START Task material

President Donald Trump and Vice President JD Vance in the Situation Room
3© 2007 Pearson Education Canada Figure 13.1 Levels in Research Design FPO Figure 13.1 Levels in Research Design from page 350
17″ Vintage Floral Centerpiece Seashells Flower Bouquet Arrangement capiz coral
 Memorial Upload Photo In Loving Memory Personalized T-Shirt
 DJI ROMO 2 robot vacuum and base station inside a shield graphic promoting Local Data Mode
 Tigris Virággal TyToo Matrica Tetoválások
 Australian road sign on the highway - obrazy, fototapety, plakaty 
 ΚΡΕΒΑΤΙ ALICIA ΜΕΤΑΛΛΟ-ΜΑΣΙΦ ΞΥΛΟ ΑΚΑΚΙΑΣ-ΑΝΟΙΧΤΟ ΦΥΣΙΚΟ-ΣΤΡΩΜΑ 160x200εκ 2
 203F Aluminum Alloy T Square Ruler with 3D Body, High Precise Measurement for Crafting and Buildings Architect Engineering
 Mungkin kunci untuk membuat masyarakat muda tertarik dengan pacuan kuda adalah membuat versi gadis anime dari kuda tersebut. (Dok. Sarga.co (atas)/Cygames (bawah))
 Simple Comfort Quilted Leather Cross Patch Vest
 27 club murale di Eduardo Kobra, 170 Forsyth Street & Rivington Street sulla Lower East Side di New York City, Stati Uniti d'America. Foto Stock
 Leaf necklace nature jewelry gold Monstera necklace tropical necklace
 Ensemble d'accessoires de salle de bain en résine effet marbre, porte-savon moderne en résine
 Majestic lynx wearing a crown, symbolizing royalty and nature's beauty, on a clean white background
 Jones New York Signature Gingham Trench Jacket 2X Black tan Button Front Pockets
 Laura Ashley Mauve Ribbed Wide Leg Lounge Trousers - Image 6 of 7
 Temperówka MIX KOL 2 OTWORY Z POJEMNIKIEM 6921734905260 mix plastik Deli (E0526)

END Task material

#### Task statement:
The records need to be set down again without a single difference.

#### Response to this exercise:
President Donald Trump and Vice President JD Vance in the Situation Room
3© 2007 Pearson Education Canada Figure 13.1 Levels in Research Design FPO Figure 13.1 Levels in Research Design from page 350
17″ Vintage Floral Centerpiece Seashells Flower Bouquet Arrangement capiz coral
 Memorial Upload Photo In Loving Memory Personalized T-Shirt
 DJI ROMO 2 robot vacuum and base station inside a shield graphic promoting Local Data Mode
 Tigris Virággal TyToo Matrica Tetoválások
 Australian road sign on the highway - obrazy, fototapety, plakaty 
 ΚΡΕΒΑΤΙ ALICIA ΜΕΤΑΛΛΟ-ΜΑΣΙΦ ΞΥΛΟ ΑΚΑΚΙΑΣ-ΑΝΟΙΧΤΟ ΦΥΣΙΚΟ-ΣΤΡΩΜΑ 160x200εκ 2
 203F Aluminum Alloy T Square Ruler with 3D Body, High Precise Measurement for Crafting and Buildings Architect Engineering
 Mungkin kunci untuk membuat masyarakat muda tertarik dengan pacuan kuda adalah membuat versi gadis anime dari kuda tersebut. (Dok. Sarga.co (atas)/Cygames (bawah))
 Simple Comfort Quilted Leather Cross Patch Vest
 27 club murale di Eduardo Kobra, 170 Forsyth Street & Rivington Street sulla Lower East Side di New York City, Stati Uniti d'America. Foto Stock
 Leaf necklace nature jewelry gold Monstera necklace tropical necklace
 Ensemble d'accessoires de salle de bain en résine effet marbre, porte-savon moderne en résine
 Majestic lynx wearing a crown, symbolizing royalty and nature's beauty, on a clean white background
 Jones New York Signature Gingham Trench Jacket 2X Black tan Button Front Pockets
 Laura Ashley Mauve Ribbed Wide Leg Lounge Trousers - Image 6 of 7
 Temperówka MIX KOL 2 OTWORY Z POJEMNIKIEM 6921734905260 mix plastik Deli (E0526)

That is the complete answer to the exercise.